The visiting team’s center is required to put his stick down on the ice first. This is a home-ice advantage. The home team then puts their stick to the ice and the linesman will soon drop the puck. Because he controls the exact moment when the puck can be dropped, the home team center has an advantage at getting control of the puck.
Getting Kicked Out of a Faceoff
Often, you’ll see the guy in stripes raise his arm and the big guy on the side of his raised arm stand up straight and argue. What just happened was the linesman just kicked out that player. Not from the game, but from the faceoff. Any number of things can kick a player from the faceoff dot. Centers try to avoid this, because they tend to be the best player for faceoffs and wingers who replace them are hard-pressed to win. This includes, but is not limited to:
- One of the centers (player taking the faceoff) is not positioned properly for the drop
- One of the centers takes too long in putting his stick on the ice
- One of the centers tries to hinder the opponent before the puck has been dropped
- Any player lines up offsides (on the wrong half of the faceoff circle)

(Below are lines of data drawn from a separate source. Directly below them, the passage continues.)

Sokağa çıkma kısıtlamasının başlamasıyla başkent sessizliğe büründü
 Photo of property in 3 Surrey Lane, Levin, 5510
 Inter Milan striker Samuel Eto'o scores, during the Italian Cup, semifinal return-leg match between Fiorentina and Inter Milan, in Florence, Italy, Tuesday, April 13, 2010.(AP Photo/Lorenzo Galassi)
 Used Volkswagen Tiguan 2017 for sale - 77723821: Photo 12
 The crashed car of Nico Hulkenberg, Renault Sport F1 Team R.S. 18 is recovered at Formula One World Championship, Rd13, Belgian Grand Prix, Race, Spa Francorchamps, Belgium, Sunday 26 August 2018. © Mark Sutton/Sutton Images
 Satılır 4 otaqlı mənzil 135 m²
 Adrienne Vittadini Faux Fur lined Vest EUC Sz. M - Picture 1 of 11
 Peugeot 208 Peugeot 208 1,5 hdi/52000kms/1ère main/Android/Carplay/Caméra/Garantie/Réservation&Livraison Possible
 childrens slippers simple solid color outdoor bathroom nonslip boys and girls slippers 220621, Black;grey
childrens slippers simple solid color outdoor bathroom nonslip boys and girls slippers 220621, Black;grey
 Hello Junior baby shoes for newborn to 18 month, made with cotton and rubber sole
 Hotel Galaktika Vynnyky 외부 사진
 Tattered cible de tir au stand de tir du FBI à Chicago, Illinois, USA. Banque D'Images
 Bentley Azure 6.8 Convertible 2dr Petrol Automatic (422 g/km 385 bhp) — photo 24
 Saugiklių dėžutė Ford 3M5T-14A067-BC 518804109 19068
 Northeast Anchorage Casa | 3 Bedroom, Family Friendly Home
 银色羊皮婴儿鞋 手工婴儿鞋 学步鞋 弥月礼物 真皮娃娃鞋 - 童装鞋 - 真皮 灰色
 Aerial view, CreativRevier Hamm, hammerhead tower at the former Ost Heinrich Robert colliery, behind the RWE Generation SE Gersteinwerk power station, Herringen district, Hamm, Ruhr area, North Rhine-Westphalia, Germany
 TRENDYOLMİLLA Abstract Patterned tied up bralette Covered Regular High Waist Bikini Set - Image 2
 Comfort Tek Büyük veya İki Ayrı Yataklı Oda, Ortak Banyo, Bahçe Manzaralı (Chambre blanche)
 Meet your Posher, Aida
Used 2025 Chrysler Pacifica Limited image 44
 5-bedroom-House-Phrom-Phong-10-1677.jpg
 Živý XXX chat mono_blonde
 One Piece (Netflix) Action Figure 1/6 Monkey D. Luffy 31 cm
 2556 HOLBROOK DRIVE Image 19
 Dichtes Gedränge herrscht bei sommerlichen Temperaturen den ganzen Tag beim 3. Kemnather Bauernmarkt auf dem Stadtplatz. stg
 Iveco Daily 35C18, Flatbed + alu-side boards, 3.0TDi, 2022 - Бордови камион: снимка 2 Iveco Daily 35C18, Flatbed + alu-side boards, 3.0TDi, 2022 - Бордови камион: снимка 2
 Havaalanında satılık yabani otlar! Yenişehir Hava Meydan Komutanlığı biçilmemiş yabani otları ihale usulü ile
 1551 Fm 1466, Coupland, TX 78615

- Any player encroaches into the faceoff circle
- Any player who makes physical contact with an opponent
These rules are not enforced at the moment of infraction. Some referees allow a little encroachment and a little contact. Others don’t allow any movement at all.
Techniques to Winning the Draw
Many centers have multiple moves they use to win faceoffs. There can be clean wins to forehand and backhand. There can be shots directly on net for faceoffs taking place near a goalie. A faceoff can be won without even touching the puck! The following video gives a nice rundown of these techniques.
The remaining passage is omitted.